● Extracted material
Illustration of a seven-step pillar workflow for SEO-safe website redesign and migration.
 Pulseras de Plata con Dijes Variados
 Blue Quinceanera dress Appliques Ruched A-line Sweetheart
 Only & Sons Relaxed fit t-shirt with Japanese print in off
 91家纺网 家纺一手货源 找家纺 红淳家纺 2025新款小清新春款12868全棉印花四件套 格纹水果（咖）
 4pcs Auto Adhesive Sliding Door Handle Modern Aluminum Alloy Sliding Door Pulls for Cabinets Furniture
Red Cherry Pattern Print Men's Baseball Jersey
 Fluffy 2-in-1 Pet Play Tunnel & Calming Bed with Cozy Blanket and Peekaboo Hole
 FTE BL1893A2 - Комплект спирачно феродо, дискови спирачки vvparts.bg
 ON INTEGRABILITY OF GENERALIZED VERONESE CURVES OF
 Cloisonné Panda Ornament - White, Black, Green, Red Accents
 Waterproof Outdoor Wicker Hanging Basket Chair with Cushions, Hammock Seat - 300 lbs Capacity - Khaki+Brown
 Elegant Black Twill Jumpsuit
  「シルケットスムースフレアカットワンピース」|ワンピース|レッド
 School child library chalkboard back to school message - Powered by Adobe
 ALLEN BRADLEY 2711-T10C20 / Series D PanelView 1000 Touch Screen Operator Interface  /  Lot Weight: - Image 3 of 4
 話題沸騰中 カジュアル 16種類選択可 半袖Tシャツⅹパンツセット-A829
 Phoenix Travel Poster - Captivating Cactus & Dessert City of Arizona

● Problem details
Retype every line up to and including the one that contains "4pcs Auto Adhesive", beginning at the first line of the records, with no edits.

● Solution
Illustration of a seven-step pillar workflow for SEO-safe website redesign and migration.
 Pulseras de Plata con Dijes Variados
 Blue Quinceanera dress Appliques Ruched A-line Sweetheart
 Only & Sons Relaxed fit t-shirt with Japanese print in off
 91家纺网 家纺一手货源 找家纺 红淳家纺 2025新款小清新春款12868全棉印花四件套 格纹水果（咖）
 4pcs Auto Adhesive Sliding Door Handle Modern Aluminum Alloy Sliding Door Pulls for Cabinets Furniture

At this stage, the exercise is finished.